The Covid-19 pandemic is not just a sanitary problem; it is also a first-rate security and disciplinary device. The fear of contagion forces people in search of their own survival to surrender to control and surveillance. Docility increases as medical and scientific evidence confirm the danger.

Panic is a solid basis for giving up all our rights to the old and worn-out Leviathan to protect us from this new absolute evil. Again -but now on another scale- it will need its full powers to face this threat. Extraordinary times call for extraordinary measures in all areas, especially in the normative, technological, and securitarian spheres. However, we must not lose sight of the fact that: the lesser the sanitary and scientific capacity, the greater the police, military, and propagandist measures will be. There will always be efforts made to confuse the former with the latter. When health becomes a national security issue, everything impregnates with punitive, military, and warlike logic.

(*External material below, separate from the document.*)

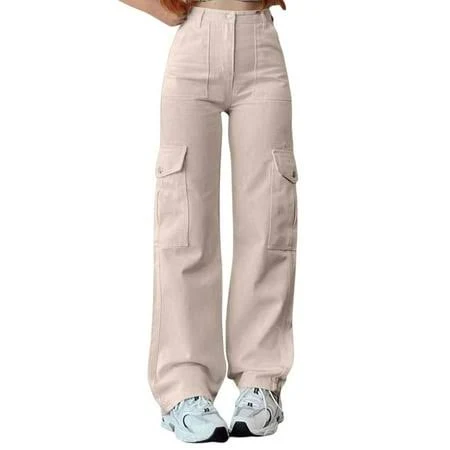 cargo pants Women's Mid Waist Three Pocket Cargo Pants Walmart - Hooplkongol Clothing Shop $26.19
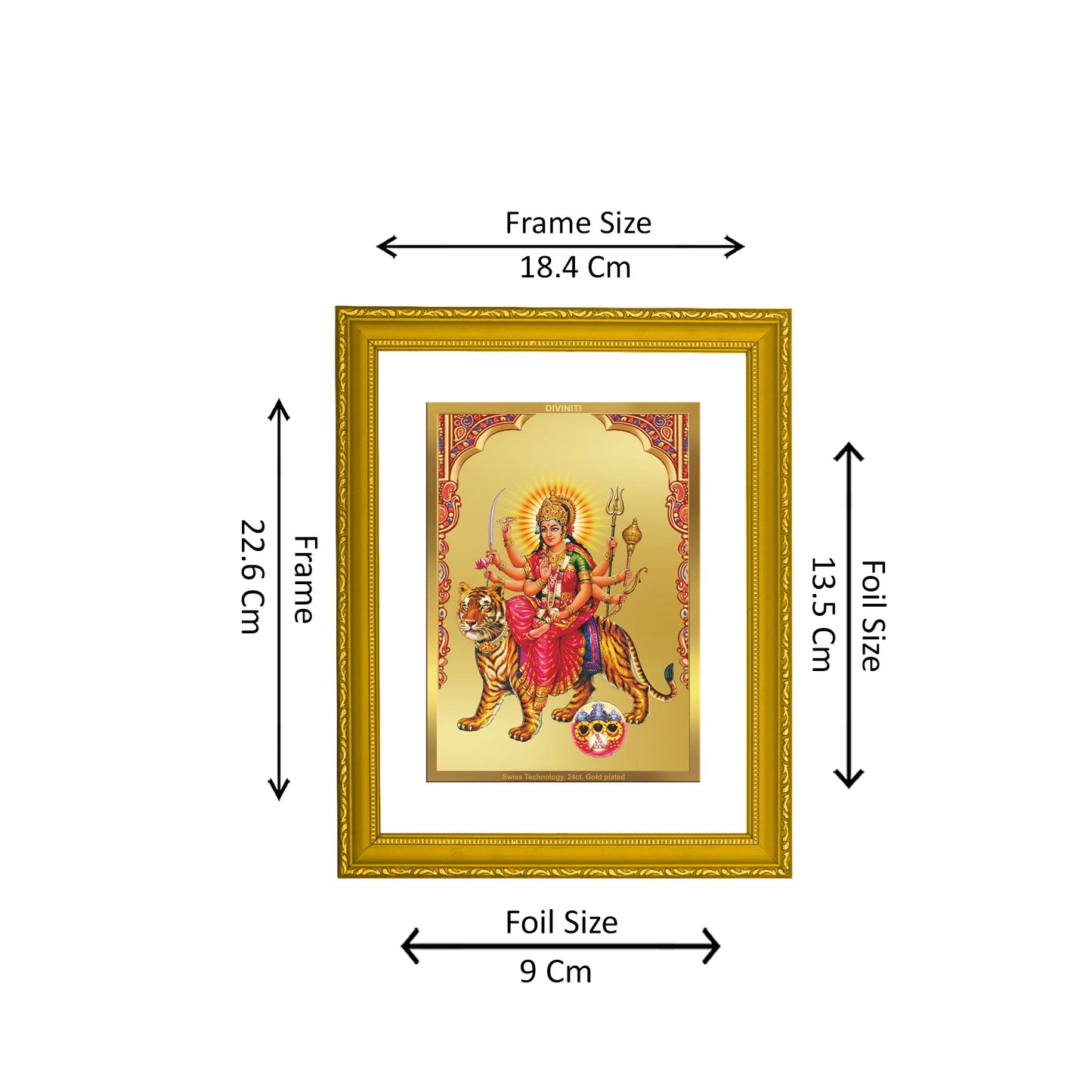 DIVINITI 24K Gold Plated Foil Siddhidatri Mata Wooden Photo Frame Idol for Home Decor, Puja Room, Workshop, Luxury Gift | DG101 Size 2 (22.6x18.4 CM)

Once the pandemic is over, the control mechanisms deployed will be difficult to reverse. They may remain among us for much longer than the virus itself, which had served as a pretext.

This past week, an analysis we conducted for the Friedrich Ebert Stiftung (FES) was published. The analysis focuses on the securitarian logic behind the attempts to contain Covid-19, which goes beyond the mere virus that generates it. We reflected on how the pandemic can be used as a political instrument, serving as a securitarian device to exercise power without limits. And, in turn, reduce the rights of citizens that can be extended and institutionalized. We take the case of Venezuela as an object of study.

The Venezuelan case as an object of study

Venezuela has been living in a state of emergency for years. The “quarantine” pre-exists the pandemic. The latter operates as an extension and justification of a government that has been in place for some time.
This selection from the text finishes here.